Park Spark is a temporary installation in the dog park, fueled (if you’ll pardon the expression) by a grant from the Council of the Arts at MIT, and spearheaded by artist Matthew Mazzotta.
The park supplies biodegradable bags for scooping. Once deposited in one of the large yellow drums, the combined waste (and some water) begins to break down, releasing methane gas, which is fed to an honest-to-goodness old timey gas lamp to be burned off. A wheel on the first drum allows for any passerby to stir its contents if they feel so inclined.
Biogas, as this sort of methane is known, is already being used in a Vermont dairy farm and a Texas power plant (these larger applications use cow manure).
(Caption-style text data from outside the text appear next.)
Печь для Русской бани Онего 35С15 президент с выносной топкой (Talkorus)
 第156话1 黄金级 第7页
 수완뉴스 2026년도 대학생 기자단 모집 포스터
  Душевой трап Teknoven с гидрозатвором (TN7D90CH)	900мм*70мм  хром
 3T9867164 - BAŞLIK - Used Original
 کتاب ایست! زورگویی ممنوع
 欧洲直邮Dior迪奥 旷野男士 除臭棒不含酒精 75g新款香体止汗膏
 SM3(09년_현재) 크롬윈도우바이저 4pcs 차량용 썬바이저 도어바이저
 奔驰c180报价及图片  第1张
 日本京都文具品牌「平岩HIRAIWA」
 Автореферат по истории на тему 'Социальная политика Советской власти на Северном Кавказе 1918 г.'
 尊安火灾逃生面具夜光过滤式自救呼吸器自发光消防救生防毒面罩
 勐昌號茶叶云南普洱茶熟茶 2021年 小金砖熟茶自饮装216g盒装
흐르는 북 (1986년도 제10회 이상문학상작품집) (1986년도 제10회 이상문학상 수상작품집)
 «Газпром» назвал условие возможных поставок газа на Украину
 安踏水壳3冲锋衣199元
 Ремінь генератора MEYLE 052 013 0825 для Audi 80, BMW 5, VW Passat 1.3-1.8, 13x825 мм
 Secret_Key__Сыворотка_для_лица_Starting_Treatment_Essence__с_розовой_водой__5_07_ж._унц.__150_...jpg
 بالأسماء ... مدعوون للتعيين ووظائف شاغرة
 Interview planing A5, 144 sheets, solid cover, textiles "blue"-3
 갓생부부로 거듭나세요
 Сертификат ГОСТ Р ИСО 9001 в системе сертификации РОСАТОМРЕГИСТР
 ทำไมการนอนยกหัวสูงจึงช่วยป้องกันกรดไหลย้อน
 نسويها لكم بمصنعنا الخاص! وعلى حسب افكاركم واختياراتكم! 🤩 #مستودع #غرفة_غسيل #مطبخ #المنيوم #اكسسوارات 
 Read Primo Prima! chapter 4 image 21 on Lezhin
This method of deriving fuel is also popular in developing nations, including India, where Mazzotta was inspired to start Park Spark.
Mazzotta says his ultimate “purpose is to get people thinking differently about what’s around them, including seeing waste as a resource and how to best use the free power it produces.”
If you and your four legged friend would like to go an make a, um, contribution to his efforts, you’ll have to do it soon. Park Spark will be dismantled at the end of the month.